Une immigration abondante empêche l’inflation et bénéficie à l’économie américaine
« Et cela aurait des effets en cascade sur toute l’économie », poursuit l’ancienne économiste en chef. Pour Justin Gest, « le coût de la main d’œuvre augmenterait » et donc « entraînerait des pressions inflationnistes qui se traduiraient par une hausse des coûts pour tous les Américains ».
Au contraire, une augmentation de l’immigration bénéficierait à l’économie américaine, selon les prévisions de l’agence du budget, un organisme transpartisan du Congrès américain.

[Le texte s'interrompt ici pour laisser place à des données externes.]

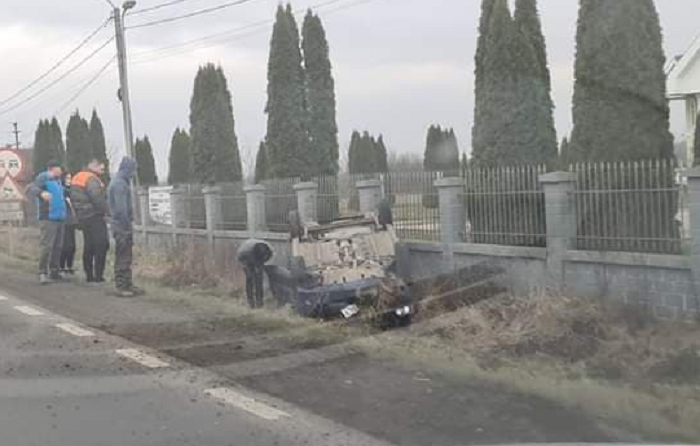 FOTO. Accident în județul Satu Mare. Mașină răsturnată, oprită în gardul unei case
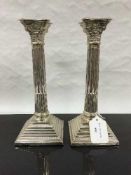 A pair of silver Corinthian column candlesticks, Alexander Smith, Birmingham 1955, weighing 1135g,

Les arrivées en hausse de migrants devraient ainsi permettre à l’économie du pays de gagner 7 000 milliards de dollars sur la prochaine décennie, en partie grâce à la force de travail de ces personnes, a estimé en février cet organisme.
« Les Etats-Unis bénéficient d’une main-d’œuvre abondante qui traverse la frontière » et qui confère au pays « un avantage comparatif: les salaires n’augmentent pas, car le manque de main d’œuvre n’exerce pas de forte pression sur la croissance des salaires », a déclaré en avril la directrice du FMI Kristalina Georgieva.
Les nouveaux arrivés viennent en effet pourvoir des emplois peu qualifiés qui peinent à être pourvus par d’autres travailleurs.
« Trop-plein d’emplois »
« Les Etats-Unis ont quelque chose que les autres pays des Amériques n’ont pas: un trop-plein d’emplois », explique Oscar Chacon, directeur d’Alianza Americas, une coalition de 58 associations de défense des immigrés dans le pays. Plus de 8 millions d’emplois sont non pourvus à travers le pays, selon le ministère du Travail.
Toutefois, ces arrivées de migrants « créent un problème de politique intérieure », signale la directrice du FMI.
La question divise les Américains. Les républicains accusent ainsi le président démocrate d’avoir laissé le pays se faire « envahir ». Depuis le début de son mandat, plus de 7 millions de personnes ont été interceptées après avoir franchi illégalement la frontière avec le Mexique, selon les chiffres officiels.
Et Donald Trump se réfère régulièrement à des meurtres particulièrement choquants, commis par des personnes entrées illégalement aux Etats-Unis, pour marteler qu’il existe une vague de criminalité due aux migrants clandestins, sans que les statistiques ni les études réalisées par des experts, ne confirment néanmoins un tel phénomène.